Gainesville is not an especially prosperous place. There are a couple of streets of pristine 19th-century gingerbread houses, and the rest of it is modest to deteriorating to gone to shit. Every day I crossed more than one “Welcome” mat that pictured a rifle and proclaimed THERE IS NOTHING HERE WORTH DYING FOR, which was unsettling, even if my satchel and my hat indicated a right to be there. Every day gigantic dogs barked at me, from behind fences and doors, as if they could taste my throat. One day a medium-size schnauzer-looking blur charged me and took a chunk out of my knee before I could even reach for my USPS-issued dog spray. Every day I collected envelopes addressed to Publishers Clearing House and delivered letters from prison. Every day I wanted to give that one customer more than junk mail, because she was obviously waiting on a check, or something else. Maybe a better life to come in the mail, standing at the end of her driveway like that, with those little kids. I brought medicine, and threats from the IRS, and in Gainesville the postman also brings the newspaper. I brought packages and political ads and weekly coupon fliers. I’d deliver a piece of mail one day and the next day I’d have to take it back for some reason. One customer, apparently frustrated, wrote THE BASTARD DOES NOT LIVE HERE across the top of the envelope.

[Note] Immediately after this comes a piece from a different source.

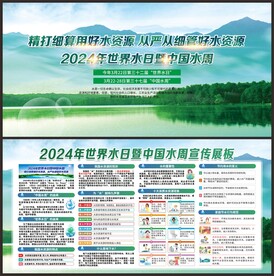 世界水日中国水周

The veteran city carrier who trained me, when he demonstrated how to deliver certified mail, knocked assertively on an apartment door through which wafted a keenly skunky ganja and announced, “MAILMAN.” The feminist in me wondered what to do with that. Pounding on someone’s door and saying, “MAILWOMAN,” even assertively, is just not as clear, perhaps especially to someone smoking that stink of a weed. “Mailwoman,” however amusing as wordplay, is not going to fall on people’s ears in a way they expect, and neither is “letter carrier,” which is a shame, because the latter is so beautiful and so accurate. Usually I just said, “Postal Service,” which always made me think of the band.
Sometimes I did listen to The Postal Service while I delivered mail. After I got the hang of letter carrying, I listened to every episode of every podcast I’d ever been interested in. I could listen to a favorite musician’s entire discography in one day. I listened to full-time writer Sarah Hepola’s memoir Blackout, which contains a somber audio Easter egg I would have missed out on if I’d read the book on paper.

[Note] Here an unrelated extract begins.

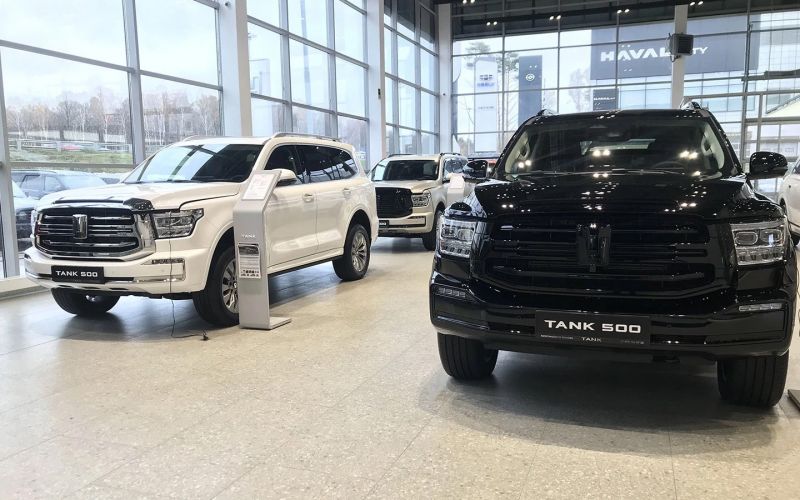 Крупнейшие бренды и дилеры предлагают большие скидки на новые автомобили. Таблица и цены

I loved that luxury—listening, for six or eight hours—and I loved walking 10 or 12 miles. I loved starting the day with a truck full of mail and ending the day with all of it dispersed. I loved thinking about how that particular truck had been out on a route somewhere almost every day for 30 years; a lot of the LLVs (in the ever-literal parlance of the Postal Service, Long Life Vehicle is what that standard boxy mail truck is called) were built in the ’80s. I loved the time to think, and the solitude, and the prescribed interaction with people.
But perhaps above all, I loved counting how many hours I had worked and knowing how much I would be paid, and when, and knowing the check would be in the mail.